[[ Data provided open ]]

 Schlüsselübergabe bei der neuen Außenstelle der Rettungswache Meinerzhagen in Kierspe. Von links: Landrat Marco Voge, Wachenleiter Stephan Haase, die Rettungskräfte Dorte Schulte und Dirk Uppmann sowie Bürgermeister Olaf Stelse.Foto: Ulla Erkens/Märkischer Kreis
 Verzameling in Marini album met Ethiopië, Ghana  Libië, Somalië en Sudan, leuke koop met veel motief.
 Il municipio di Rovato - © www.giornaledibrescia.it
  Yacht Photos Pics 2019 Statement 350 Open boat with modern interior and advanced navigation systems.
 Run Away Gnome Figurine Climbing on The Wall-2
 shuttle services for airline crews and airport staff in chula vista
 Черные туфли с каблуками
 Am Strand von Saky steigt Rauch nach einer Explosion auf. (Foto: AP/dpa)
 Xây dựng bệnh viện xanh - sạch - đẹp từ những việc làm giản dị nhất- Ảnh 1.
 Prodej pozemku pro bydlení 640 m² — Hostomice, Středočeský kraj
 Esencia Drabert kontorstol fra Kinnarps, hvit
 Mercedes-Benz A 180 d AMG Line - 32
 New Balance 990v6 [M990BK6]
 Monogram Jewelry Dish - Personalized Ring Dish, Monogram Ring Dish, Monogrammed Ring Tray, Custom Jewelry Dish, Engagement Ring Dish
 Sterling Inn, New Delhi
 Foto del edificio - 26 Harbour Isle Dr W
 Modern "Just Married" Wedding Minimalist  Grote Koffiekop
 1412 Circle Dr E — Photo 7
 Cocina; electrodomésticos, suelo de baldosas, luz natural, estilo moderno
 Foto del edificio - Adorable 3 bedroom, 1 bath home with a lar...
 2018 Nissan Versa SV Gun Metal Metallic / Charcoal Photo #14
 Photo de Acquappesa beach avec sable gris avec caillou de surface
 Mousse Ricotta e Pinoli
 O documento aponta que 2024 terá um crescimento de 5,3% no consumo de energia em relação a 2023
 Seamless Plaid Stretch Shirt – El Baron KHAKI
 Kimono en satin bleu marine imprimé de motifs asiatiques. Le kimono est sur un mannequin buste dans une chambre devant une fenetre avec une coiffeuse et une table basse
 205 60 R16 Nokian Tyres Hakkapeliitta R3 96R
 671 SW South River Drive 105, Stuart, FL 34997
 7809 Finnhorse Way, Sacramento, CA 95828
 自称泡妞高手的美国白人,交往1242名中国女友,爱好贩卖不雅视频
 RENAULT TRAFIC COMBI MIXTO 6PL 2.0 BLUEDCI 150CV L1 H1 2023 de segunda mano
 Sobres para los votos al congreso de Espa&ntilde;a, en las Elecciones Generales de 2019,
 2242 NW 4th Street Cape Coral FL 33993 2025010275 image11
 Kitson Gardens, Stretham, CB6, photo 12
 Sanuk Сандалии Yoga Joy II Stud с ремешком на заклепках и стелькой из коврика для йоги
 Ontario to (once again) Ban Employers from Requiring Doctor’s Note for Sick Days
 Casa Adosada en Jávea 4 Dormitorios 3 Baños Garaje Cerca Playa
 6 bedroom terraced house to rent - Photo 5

[[ Data provided closed ]]

What you have to do:
Which lines above contain "edificio"? Show each of them.

Exercise response:
 Foto del edificio - 26 Harbour Isle Dr W
 Foto del edificio - Adorable 3 bedroom, 1 bath home with a lar...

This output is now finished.